As I’m writing this it is January 6, 2011. It is four days before my classes begin. It is day two without a cigarette. There have been some really rough patches. Just in 48 hours! But I’m taking everything I have learned through deployments, child rearing, and being married and using them to assist me.
1. Pick Your Battles (parenting/Marriage)
Frustration and aggravation are the two hardest things for me. Usually when I’m ready to blow my top, I reach for my jacket, go outside, and have a cigarette to calm down. Things that usually annoy me into a shriekfest, I’m letting go. Screw it. I don’t have the energy to deal with it, it’s not worth it.
2. It could be worse (Deployment)
I went a year without my HUSBAND. A YEAR. I can survive without my right hand man for that long, I can survive without a cigarette.
Ok so it’s not a long list at all but it works.
Now, here’s my Non Smoking Resolutions.
1. I Refuse to be one of those “Better than thou” non smokers. That’s bullshit. I swear to Pete ex smokers can be worse than non smokers in the looking down the nose department.
2. I will also never support scaring the holy freakin crap out of people to make them “want to Quit”. You know why?
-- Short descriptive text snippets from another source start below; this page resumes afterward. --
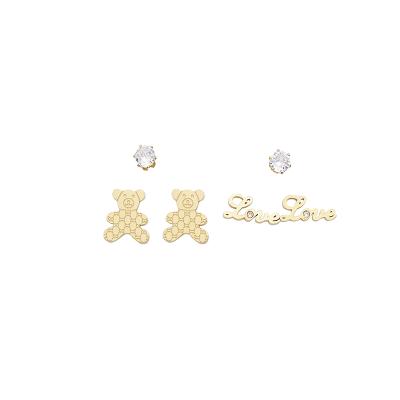 China Vintage Fashion 2022 Pattern Multiple Bear And Letter Rhinestone 14K Gold Plated Diamond Stud Earring Jewelry In Titanium Steel for sale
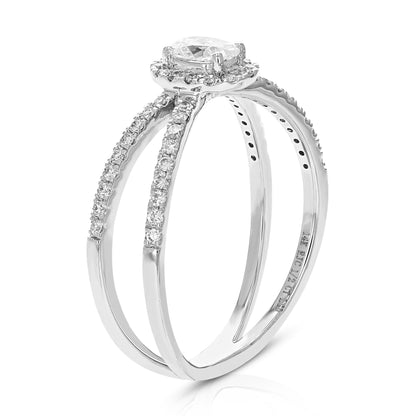 Oval Halo Solitaire Ring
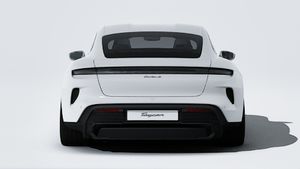 Exterior view of Taycan Turbo S showing the rear of the car
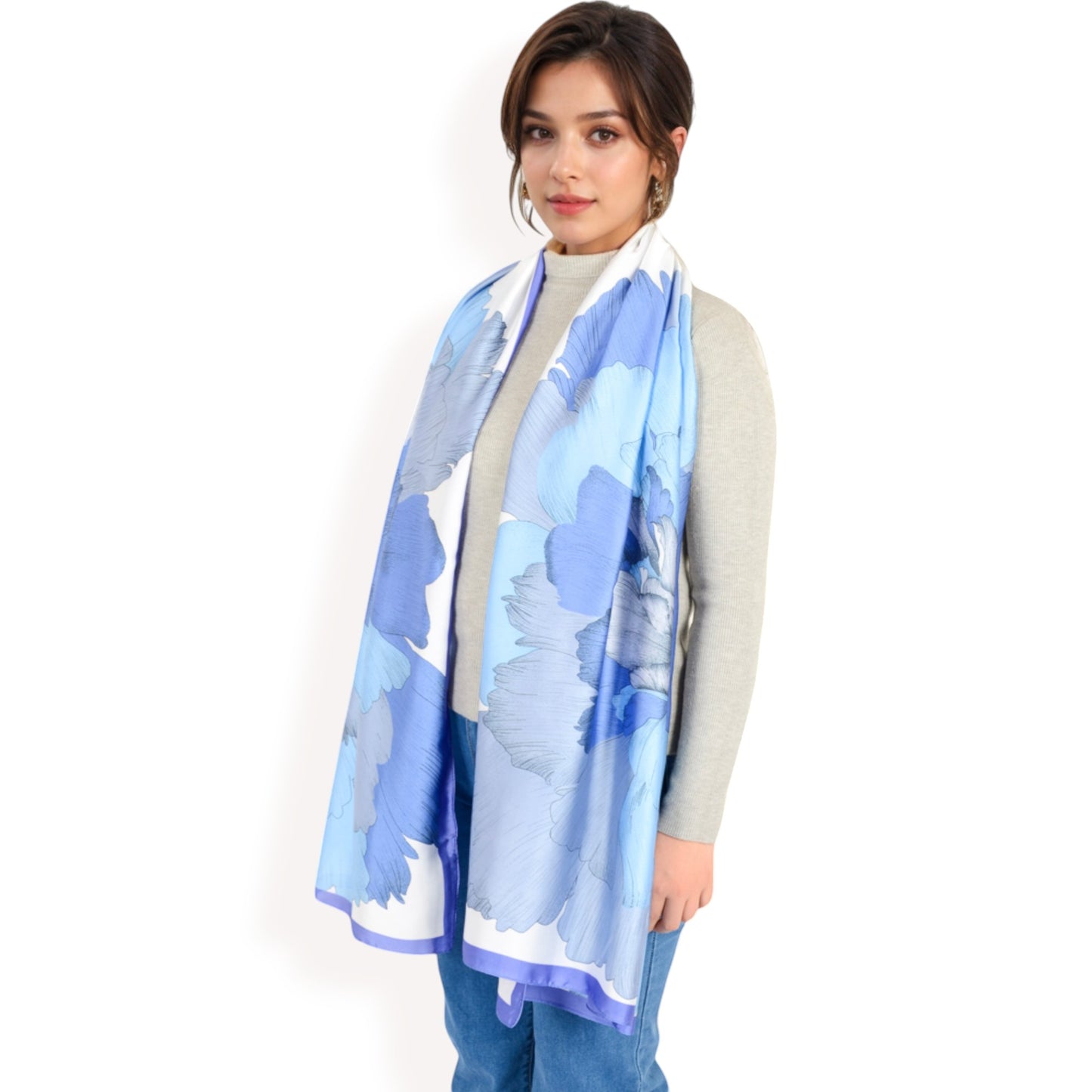 Anna-Kaci Women's Elegant Floral Satin Scarf with Vibrant Blue and Lavender Tones for Chic and Versatile Styling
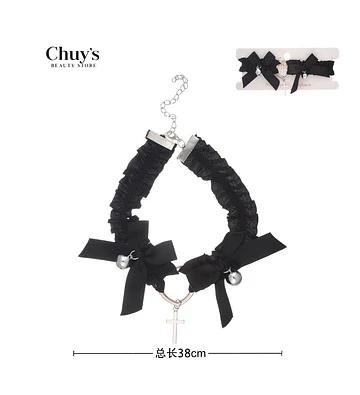 Collar De Raso Con Cruces Y Lazos - Chuys Beautys | Chuy's Beautys Store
Because scaring the shit out of a smoker MAKES THEM WANT A CIGARETTE !! This is the stupidest approach I have ever seen! You want people to quit? Set up FREE or LOW COST detox centers or something. They do it for heroine and crack addicts! And you’d probably get less “Not in my neighborhood” complaints too. Then again, in the last several years I have seen smokers end up treated about as well as drug addicts and homeless people. People wrinkle their noses and look at you like the stuff they scraped off their shoes.
3. I will never support taxing the bejeezus out of tobacco as part of a “Sin Tax” If the 10 commandments can’t be shown in the courthouse, and a football player can’t take a knee after a touchdown and point up to God because that is praying in school, then the government can’t state smoking and drinking are sins and tax accordingly. I’ll be taxed for my sins when I die by a higher authority so kiss my ass.
4. I will never tell anyone else they should quit. Because I know damned well it doesn’t help. It just adds to the guilt, and fear smokers already carry around from the friggin media (see #2). You don’t quit because you should. You don’t quit when you’re scared. You quit when you WANT it more than you want the cigarette.
I sincerely hope I get to publish this post. I have previously crashed and burned on day three. If I pass that hurdle this time, this post should see the light of day.
*Since writing this, I’ve had two very small slip ups. But I didn’t smoke a full cigarette either time, just a couple puffs and got disgusted and tossed them. Today is two weeks since I said I quit. I’ve also started school, the first day was the source of the first slipup. So far I like it, except one class. Luckily, I’m still in the add/drop period so I dropped it and picked up an Intro to Crime Scene investigation class. Intro to Creative Writing just didn’t work for me. It was more On Demand Creativity than How To.